Rate my work rig - Rendering/Editing

MediaMind

Honorable
Jul 10, 2013
17
0
10,510
This is my work system. I use it for Adobe After Effects, Photoshop, and than a good amount of rendering. Than on a break, I'll get on a game. Whats good, what needs upgrade. Give me your opinion.

Corsair 400R with AF120 in front and side.
I7 4770K with Corsair H100i with SP120s
GIGABYTE Z87X-UD4H

G.Skill 1866MHz 8GB CL8
Corsair 650W Modular 80-Cert
Corsair Force GT 90GB (OS - Adobe Programs)
SeaSonic 1TB HDD
Windows 7 64-Bit Home

Now, I'm sure you noticed that there isn't a GPU there, that's because I am stuck between nVidia (Cuda) vs AMD (OpenCL) now I know Adobe is CUDA based BUT our work versions CS6 support/optimize for OpenCL. Is OpenCL the future? My GPU choice as of now is the new ASUS GTX 780oc (2304 CUDA Cores) or wait for the 7970 replacement? Be it a 9000-Series.. So go for a GTX 780 or go AMD route? Again, if someone could clarify which will be more significant as of now.. Cuda or OpenCL?
 
I'd definately get more ram. That will REALLY help. Otherwise it is good. ABout the gpu. cuda is more common as of now, and I don't see that changing anytime soon. Nvidia produces far better rdrivers for 3d programs, which developers tend to like. The 780 is good. I would get it.
 


Yeah.. last time I had CrossFire MSI Lightning 7970s with 8GB DDR3 on the system and it blue screened while rendering. It was because a lack of memory. Learned from that. 16GB/32GB is a must this time around. Also, I wasn't impressed with the two 7970s either but shortly after I learned that SLI/xFire is no bueno for rendering only a real good single GPU like a Titan. Idk about a 690.

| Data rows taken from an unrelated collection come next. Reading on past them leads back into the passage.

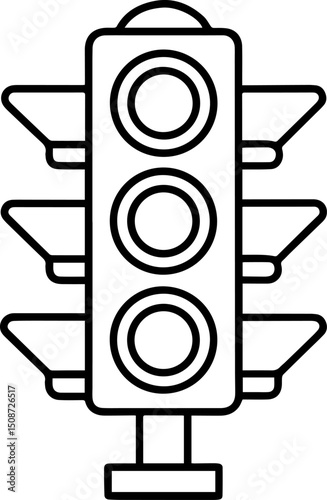 traffic light outline coloring book page vector illustration line art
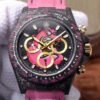1:1 SUPER REPLICA ROLEX DAYTONA COSMOS CHRONOGRAPH CARBON FIBER EDITION PINK EXPLODED DRAGON DIAL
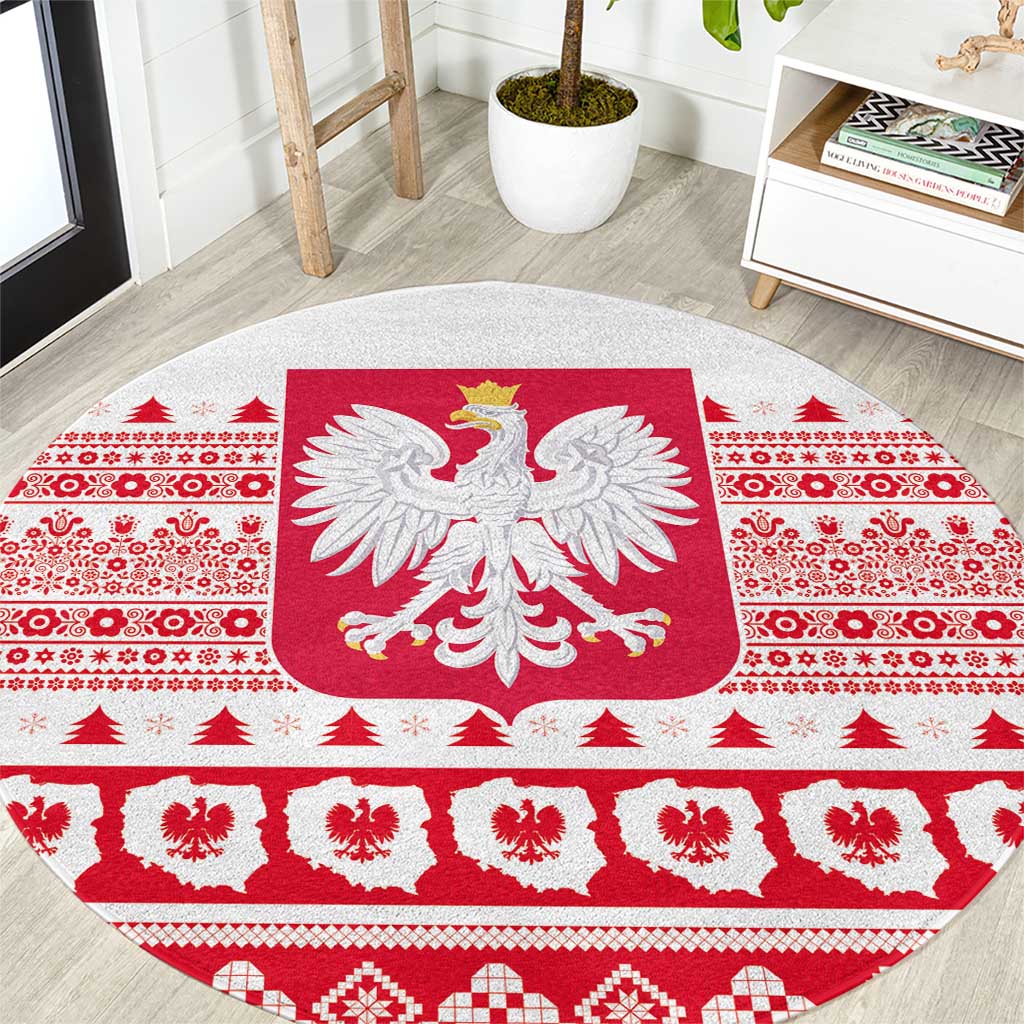 Polish Christmas Round Carpet - Poland Emblem and Lachy Sadeckie Pattern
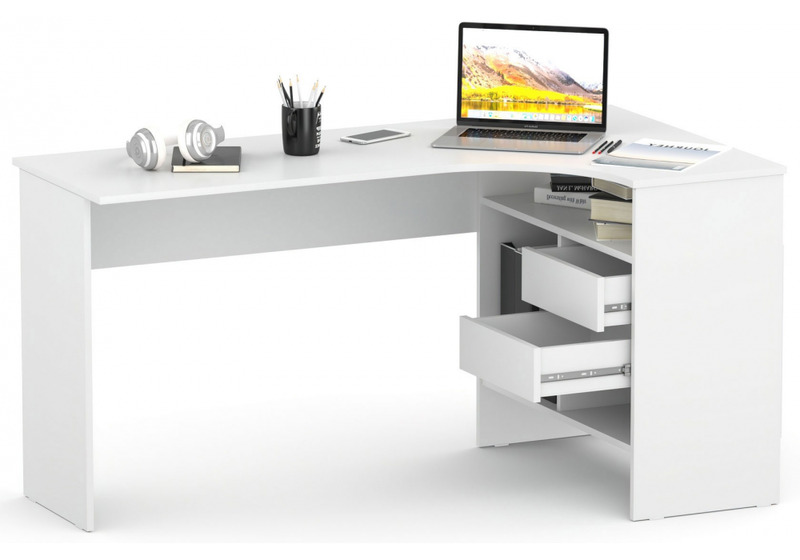 Компьютерный стол, СПм-25 правый белый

Someone asked me, why not choose a Quadro? Well, simply its too costly. A Quadro has only 448 CUDA Cores vs 2304 in a GTX 780. Although a Quadro has much more memory at 6GB. Quadro is PCI 2.0 (no biggie) and GTX is 3.0
 
Opencl is near irrelevant today. ANd by the way, it is possible to run multi-card rendering setups, but not in cfx or sli, you have to set them up as two individual cards for the system to use. I'm not sure how it is done, but I know it can be done.
 
I honestly wouldn't get the 7970, as I don't believe it performs well. Either get a geforce (not a kepler, e.g. 680/670), or a quadro, as cuda does have a significant impact on the rendering abilities, and the drivers are far less buggy (although that might change on the 31st).
 


Adobe is in the midst of switching to OpenCL for CS7, Sony Vegas has already made the switch and many more apps have switched to OpenCL now. How is OpenCL near irrelevant when it is where the industry is heading?
 


Well, I know nVidia also supports OpenCL just not nearly as good as AMD cards. I was just curious who is more relevant today. Looks like its CUDA
 


See.. this is what I wanted to know. I heard the same thing from many others that OpenCL is the future. This is exactly why I want to wait out for the RadeonHD 9000-Series or the 7970 replacement. AMD is rapidly growing.
 
While the industry might switch to opencl in a couple of years, cuda is still more relvant now, and will be for at least a few more years. By the time Opencl has become the industry standard, it is likely that gpus will be much stronger, which means that buying one now for a time that could occur years in the future is a waste of time and money. Besides, Nvidia does support opencl, although maybe not as well as AMD. But they are sure to optimise their drivers more and more for opencl, as the industry changes. AMD might be better optimised now, but Nvidia won't be far behind as things change.
 


Alright.. sounds good. This is why I'm thinking the ASUS GTX 780 is going to serve me very well. Even OC'd a bit, should do me well.
 

It'll be good, but not as good as a Titan or quadrophonic for the same price. It's built on a compute gpu, with the compute parts disabled.